My favorite interaction was in a wine bar down the block from our apartment. My husband and I went out for a quiet glass of wine, and my entire, though utterly brief, conversation with the waiter was in French. We belonged. We fit in. We were not looked at as outsiders, nor did we look at these folks that we could barely communicate with as different from us. We sipped our wine mostly in silence and enjoyed the surroundings and the bustling restaurant filled with conversations that we knew nothing about, but we were happy and content.The same was true when we found a hidden cafe for lunch off in an alleyway, sitting quietly and observing all that was around. After placing our order, we sat quietly to ourselves sipping the accidental half carafe of wine that was supposed to be two glasses (we really weren’t complaining by the way), when a French woman one table over started speaking to us. I politely told her (in my limited French) that we didn’t speak French. She (in her limited English) politely asked if we would mind if she smoked. Neither party was annoyed at the other for not knowing their language. We were just fellow citizens enjoying the same lunch spot, who worked with what we had to communicate with each other.

As someone who, prior to this travel awakening in my life, hadn’t gone many places and hadn’t met many other people, this trip changed my life. It changed my initial view, and every other trip I have had the opportunity to take continues to shape and mold how I think about others, the world and myself. All I want to do is to go experience other people and cultures and eat delicious food while doing so. The Europe trip (with other countries visited besides France), awakened a desire to go far and try hard and dig into the culture other people and places. Because it changes you. It enlightens you. It teaches you. It calms you and stirs an unquenchable thirst for adventure at the very same time.

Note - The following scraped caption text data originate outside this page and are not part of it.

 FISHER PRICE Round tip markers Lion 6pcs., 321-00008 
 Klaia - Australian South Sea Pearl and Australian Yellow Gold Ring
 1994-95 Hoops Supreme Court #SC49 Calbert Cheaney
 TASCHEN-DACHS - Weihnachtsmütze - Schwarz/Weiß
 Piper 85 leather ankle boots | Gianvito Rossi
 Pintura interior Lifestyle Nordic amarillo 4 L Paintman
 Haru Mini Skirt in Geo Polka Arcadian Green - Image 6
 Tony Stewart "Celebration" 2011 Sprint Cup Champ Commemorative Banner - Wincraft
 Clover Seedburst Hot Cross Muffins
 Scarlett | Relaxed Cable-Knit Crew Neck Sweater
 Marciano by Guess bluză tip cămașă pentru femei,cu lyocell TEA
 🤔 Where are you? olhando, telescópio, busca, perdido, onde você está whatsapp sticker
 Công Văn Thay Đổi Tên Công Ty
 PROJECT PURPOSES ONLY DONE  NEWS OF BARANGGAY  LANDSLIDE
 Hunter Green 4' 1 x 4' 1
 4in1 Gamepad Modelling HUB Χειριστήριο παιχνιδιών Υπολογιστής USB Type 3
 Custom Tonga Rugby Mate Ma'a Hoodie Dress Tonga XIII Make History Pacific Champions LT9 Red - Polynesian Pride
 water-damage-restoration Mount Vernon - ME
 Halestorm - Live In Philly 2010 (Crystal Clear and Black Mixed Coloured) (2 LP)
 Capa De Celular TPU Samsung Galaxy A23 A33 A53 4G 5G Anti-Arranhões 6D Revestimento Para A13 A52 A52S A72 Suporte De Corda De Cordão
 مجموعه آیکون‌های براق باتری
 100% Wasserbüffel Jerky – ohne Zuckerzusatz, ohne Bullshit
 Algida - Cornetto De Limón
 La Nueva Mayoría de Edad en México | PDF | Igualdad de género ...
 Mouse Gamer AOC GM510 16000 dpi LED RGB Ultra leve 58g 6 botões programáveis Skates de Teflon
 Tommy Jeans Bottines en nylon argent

The bottom line and the lesson I learned on this trip – respect. People fear what they do not know and they judge that which is different from them. But everyone wants to be respected. And I’ve found that respect and love and joy in interaction with those who are different from (and yet, shockingly, the same as) you go a long way and usher you into some amazing interactions and experiences. My final appeal: go and live life. Live through the experience, learn from those that are different than you, and travel whenever you get the chance – it could surprise you.